Mas o primeiro amor de ‘Pogi’ nem foi o ciclismo, modalidade que apareceu quase por acaso na sua vida, quando era o futebol a força que o movia; foi o irmão Tilen, que se inscreveu no clube de ciclismo de Ljubljana, o grande responsável por hoje o esloveno ser o mais jovem bicampeão do Tour. “Quis imediatamente imitar o meu irmão, mas não tinham uma bicicleta tão pequena no clube”, revela no seu site pessoal.
Fazendo jus à perseverança evidenciada nas suas conquistas na prova francesa, não desistiu de seguir as pisadas de Tilen e, em pleno inverno, com apenas nove anos, começou a acompanhar o irmão nos treinos, participando na sua primeira corrida logo em 2008, com bons resultados, para nunca mais parar.
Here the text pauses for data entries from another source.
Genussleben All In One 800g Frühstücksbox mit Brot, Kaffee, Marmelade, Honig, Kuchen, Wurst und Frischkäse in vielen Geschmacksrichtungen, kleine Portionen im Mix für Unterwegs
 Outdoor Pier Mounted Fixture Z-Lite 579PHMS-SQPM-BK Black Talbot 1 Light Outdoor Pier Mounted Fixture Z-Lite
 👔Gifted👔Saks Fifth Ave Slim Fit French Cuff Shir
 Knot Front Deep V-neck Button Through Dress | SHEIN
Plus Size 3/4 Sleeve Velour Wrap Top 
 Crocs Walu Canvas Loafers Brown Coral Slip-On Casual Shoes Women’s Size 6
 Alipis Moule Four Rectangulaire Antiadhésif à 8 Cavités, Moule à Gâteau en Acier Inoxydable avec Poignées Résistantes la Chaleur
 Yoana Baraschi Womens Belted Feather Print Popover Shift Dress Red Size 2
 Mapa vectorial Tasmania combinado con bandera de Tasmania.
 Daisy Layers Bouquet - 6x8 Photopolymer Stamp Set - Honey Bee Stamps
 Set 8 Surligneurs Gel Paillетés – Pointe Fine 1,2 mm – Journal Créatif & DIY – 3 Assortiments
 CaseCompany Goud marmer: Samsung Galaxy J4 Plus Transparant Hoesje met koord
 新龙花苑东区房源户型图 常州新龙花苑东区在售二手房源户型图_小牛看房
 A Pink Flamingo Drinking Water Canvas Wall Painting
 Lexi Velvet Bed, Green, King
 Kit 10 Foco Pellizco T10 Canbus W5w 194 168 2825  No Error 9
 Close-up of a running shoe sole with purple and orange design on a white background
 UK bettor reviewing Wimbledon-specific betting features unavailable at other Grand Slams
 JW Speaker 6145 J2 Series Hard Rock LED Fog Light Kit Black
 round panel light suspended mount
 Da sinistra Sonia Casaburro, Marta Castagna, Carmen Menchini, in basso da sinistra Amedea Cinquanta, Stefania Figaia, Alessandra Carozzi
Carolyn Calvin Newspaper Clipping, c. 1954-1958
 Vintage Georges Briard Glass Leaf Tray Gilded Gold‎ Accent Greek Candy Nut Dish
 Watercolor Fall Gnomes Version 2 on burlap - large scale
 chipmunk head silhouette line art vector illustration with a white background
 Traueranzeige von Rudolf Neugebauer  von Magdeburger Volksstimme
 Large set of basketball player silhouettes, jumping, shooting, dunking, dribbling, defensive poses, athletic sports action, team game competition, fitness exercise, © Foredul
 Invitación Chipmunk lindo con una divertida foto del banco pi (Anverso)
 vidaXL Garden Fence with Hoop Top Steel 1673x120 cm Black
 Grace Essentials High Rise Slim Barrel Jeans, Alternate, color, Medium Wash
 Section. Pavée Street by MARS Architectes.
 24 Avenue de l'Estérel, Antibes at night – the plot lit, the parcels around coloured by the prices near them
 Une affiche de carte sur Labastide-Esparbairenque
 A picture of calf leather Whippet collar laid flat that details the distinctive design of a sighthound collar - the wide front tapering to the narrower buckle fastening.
O potencial tremendo, corroborado pela conquista da Volta a França do Futuro (2018), chamou a atenção da UAE Emirates, que lhe ofereceu um contrato para as temporadas seguintes, com o desfecho que agora se conhece: são 29 as vitórias no seu currículo, nove delas em etapas de grandes Voltas (três na Vuelta, onde também foi o melhor jovem), além da clássica Liège-Bastogne-Liège (2021), do Tirreno-Adriático (2021) ou de dois títulos nacionais de contrarrelógio.